DATA SUPPLIED:
- - - - -

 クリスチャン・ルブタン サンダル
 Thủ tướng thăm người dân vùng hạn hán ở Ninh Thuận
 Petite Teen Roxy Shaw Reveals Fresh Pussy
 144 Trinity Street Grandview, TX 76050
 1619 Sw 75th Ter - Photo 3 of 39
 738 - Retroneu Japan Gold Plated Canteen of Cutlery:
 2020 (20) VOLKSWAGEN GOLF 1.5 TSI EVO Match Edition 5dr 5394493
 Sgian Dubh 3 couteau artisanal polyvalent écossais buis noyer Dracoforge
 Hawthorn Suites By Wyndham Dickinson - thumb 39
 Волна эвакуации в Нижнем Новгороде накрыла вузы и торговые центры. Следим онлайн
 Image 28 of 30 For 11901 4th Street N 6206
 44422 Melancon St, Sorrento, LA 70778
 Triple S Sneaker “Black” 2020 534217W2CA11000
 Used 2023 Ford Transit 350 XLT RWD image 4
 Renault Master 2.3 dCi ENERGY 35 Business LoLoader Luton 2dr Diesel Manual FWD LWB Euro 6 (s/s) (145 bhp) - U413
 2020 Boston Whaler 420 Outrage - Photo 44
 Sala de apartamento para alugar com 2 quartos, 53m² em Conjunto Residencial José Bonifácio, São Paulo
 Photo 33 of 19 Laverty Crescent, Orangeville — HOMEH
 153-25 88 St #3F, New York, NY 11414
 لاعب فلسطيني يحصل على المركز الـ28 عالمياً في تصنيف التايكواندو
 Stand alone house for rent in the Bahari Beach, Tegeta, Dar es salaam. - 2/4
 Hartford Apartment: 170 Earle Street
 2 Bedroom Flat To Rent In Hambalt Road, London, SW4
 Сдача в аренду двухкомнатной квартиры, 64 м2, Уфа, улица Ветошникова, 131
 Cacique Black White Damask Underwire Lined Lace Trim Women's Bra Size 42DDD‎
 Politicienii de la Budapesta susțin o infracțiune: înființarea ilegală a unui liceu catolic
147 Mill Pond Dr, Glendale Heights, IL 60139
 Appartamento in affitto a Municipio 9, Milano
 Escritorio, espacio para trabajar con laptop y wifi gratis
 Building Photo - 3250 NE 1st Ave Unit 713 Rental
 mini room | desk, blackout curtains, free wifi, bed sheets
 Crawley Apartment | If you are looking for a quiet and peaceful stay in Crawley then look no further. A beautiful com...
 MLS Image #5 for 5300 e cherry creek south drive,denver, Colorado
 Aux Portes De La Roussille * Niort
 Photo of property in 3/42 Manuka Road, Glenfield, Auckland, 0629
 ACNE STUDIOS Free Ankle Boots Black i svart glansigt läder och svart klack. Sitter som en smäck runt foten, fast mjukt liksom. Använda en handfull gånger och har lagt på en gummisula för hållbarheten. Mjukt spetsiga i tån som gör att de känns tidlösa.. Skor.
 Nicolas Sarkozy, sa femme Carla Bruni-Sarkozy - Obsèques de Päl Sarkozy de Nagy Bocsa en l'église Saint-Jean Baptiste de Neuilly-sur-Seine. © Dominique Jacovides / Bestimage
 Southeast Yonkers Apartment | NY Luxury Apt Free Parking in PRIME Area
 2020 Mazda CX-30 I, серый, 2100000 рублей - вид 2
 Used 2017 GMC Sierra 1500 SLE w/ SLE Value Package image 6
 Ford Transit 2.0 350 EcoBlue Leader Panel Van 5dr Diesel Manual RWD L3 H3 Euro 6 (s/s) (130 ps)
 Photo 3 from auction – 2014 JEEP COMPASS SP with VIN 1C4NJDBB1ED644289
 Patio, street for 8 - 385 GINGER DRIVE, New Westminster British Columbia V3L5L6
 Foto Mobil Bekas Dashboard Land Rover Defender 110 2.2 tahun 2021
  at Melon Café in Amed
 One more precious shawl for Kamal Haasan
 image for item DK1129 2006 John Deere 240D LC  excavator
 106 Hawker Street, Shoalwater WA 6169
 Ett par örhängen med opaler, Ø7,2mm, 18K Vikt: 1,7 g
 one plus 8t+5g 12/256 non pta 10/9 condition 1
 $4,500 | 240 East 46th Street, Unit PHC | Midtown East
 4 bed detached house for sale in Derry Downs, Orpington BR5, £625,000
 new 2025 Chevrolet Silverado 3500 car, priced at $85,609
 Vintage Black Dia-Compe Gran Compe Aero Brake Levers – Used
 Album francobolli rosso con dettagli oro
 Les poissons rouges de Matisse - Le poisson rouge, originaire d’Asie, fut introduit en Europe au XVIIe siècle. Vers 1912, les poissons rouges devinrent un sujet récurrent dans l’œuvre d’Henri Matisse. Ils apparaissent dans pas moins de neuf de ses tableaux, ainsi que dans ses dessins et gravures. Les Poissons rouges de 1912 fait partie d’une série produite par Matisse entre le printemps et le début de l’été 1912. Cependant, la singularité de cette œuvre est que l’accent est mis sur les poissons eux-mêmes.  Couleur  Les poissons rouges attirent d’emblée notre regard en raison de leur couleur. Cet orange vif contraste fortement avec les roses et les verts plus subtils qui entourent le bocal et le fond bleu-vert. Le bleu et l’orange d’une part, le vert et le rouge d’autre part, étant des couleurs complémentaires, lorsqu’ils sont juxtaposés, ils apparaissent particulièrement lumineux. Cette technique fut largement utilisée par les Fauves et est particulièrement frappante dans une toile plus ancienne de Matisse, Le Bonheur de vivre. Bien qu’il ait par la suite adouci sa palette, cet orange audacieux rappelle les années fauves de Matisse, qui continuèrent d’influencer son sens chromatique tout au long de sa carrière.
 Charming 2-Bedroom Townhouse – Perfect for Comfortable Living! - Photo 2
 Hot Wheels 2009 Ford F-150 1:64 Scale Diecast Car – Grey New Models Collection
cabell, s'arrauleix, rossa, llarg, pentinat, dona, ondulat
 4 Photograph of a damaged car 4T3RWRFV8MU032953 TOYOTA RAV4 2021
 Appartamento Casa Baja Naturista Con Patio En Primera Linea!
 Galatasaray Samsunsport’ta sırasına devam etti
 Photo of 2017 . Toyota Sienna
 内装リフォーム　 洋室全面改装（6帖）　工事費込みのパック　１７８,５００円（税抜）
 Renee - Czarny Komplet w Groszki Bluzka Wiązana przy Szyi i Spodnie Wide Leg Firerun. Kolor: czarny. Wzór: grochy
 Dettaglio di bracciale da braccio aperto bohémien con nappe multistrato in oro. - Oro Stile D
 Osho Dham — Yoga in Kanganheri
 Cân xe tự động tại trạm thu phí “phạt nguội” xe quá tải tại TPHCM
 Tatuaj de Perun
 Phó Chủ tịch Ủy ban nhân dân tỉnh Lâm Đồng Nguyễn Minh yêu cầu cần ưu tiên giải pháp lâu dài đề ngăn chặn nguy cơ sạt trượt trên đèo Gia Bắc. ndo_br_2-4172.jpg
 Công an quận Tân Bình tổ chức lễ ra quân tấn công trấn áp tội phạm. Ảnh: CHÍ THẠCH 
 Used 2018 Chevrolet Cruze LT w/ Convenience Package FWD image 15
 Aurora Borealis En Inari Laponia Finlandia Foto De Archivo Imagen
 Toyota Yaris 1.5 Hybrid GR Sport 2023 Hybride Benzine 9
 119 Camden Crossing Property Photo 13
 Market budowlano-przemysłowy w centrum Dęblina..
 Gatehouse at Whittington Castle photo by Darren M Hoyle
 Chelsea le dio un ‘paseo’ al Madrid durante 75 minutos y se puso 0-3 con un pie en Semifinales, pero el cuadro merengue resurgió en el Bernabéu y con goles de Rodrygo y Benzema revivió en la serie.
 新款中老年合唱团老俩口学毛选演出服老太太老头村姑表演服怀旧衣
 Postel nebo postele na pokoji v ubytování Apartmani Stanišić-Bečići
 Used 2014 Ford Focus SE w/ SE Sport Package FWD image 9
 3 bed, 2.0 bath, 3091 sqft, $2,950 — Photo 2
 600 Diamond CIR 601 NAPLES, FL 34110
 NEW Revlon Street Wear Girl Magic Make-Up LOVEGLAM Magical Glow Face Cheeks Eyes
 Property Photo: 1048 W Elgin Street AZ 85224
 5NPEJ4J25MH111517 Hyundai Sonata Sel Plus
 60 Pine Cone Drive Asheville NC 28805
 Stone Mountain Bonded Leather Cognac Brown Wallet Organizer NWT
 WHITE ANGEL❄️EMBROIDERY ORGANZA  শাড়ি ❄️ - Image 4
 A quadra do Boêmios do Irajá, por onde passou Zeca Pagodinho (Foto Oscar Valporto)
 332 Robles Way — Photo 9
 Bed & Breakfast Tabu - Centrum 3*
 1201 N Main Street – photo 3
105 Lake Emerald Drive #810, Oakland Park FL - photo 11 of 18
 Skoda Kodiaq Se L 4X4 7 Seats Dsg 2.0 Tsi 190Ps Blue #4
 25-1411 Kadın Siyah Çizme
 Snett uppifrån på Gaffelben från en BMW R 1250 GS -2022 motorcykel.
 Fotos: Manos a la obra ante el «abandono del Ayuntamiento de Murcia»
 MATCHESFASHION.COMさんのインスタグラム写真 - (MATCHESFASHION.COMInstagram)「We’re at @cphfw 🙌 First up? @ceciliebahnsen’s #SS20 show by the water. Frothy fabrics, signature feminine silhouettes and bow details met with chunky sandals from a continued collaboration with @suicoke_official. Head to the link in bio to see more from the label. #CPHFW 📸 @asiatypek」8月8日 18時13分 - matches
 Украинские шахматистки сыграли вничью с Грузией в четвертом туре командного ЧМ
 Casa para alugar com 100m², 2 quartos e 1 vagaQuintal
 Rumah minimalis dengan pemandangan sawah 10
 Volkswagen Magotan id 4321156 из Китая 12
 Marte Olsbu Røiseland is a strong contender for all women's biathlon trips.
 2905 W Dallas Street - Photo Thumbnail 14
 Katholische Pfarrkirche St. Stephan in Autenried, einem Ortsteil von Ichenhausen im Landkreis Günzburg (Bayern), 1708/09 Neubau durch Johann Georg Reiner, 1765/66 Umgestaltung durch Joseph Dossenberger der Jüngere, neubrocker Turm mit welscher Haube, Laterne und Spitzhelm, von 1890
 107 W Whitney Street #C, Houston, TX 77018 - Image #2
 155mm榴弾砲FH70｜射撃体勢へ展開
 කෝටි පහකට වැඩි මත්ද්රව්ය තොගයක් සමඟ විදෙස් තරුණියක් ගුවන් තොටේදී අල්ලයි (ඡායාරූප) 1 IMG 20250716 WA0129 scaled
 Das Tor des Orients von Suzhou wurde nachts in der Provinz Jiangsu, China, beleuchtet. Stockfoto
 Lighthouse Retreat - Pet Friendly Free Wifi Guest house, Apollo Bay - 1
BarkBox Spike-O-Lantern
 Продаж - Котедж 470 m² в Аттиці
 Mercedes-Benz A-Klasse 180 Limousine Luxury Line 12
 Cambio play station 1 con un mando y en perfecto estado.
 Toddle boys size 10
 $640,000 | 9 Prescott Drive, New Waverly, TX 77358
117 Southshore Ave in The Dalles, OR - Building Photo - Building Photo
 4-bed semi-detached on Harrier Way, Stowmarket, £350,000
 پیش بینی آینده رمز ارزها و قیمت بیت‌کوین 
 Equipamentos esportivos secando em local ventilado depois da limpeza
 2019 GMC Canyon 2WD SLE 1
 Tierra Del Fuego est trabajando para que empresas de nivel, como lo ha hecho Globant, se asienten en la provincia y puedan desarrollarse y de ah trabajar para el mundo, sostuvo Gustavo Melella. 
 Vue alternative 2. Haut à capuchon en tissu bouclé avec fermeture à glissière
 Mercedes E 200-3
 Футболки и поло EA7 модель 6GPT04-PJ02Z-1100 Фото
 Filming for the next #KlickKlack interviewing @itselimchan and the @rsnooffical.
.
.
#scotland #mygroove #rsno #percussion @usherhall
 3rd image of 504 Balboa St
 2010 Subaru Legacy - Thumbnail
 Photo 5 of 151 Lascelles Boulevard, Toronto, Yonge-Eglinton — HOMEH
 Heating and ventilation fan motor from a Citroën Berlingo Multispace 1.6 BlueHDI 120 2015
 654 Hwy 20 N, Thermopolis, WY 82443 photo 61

- - - - -

PROBLEM DESCRIPTION: When the line with "BarkBox Spike-O-Lantern" is reached in the data above, begin copying, and stop after the line with "Mercedes E 200-3"; copy each line exactly, both ends included.

REPLY:
BarkBox Spike-O-Lantern
 Продаж - Котедж 470 m² в Аттиці
 Mercedes-Benz A-Klasse 180 Limousine Luxury Line 12
 Cambio play station 1 con un mando y en perfecto estado.
 Toddle boys size 10
 $640,000 | 9 Prescott Drive, New Waverly, TX 77358
117 Southshore Ave in The Dalles, OR - Building Photo - Building Photo
 4-bed semi-detached on Harrier Way, Stowmarket, £350,000
 پیش بینی آینده رمز ارزها و قیمت بیت‌کوین 
 Equipamentos esportivos secando em local ventilado depois da limpeza
 2019 GMC Canyon 2WD SLE 1
 Tierra Del Fuego est trabajando para que empresas de nivel, como lo ha hecho Globant, se asienten en la provincia y puedan desarrollarse y de ah trabajar para el mundo, sostuvo Gustavo Melella. 
 Vue alternative 2. Haut à capuchon en tissu bouclé avec fermeture à glissière
 Mercedes E 200-3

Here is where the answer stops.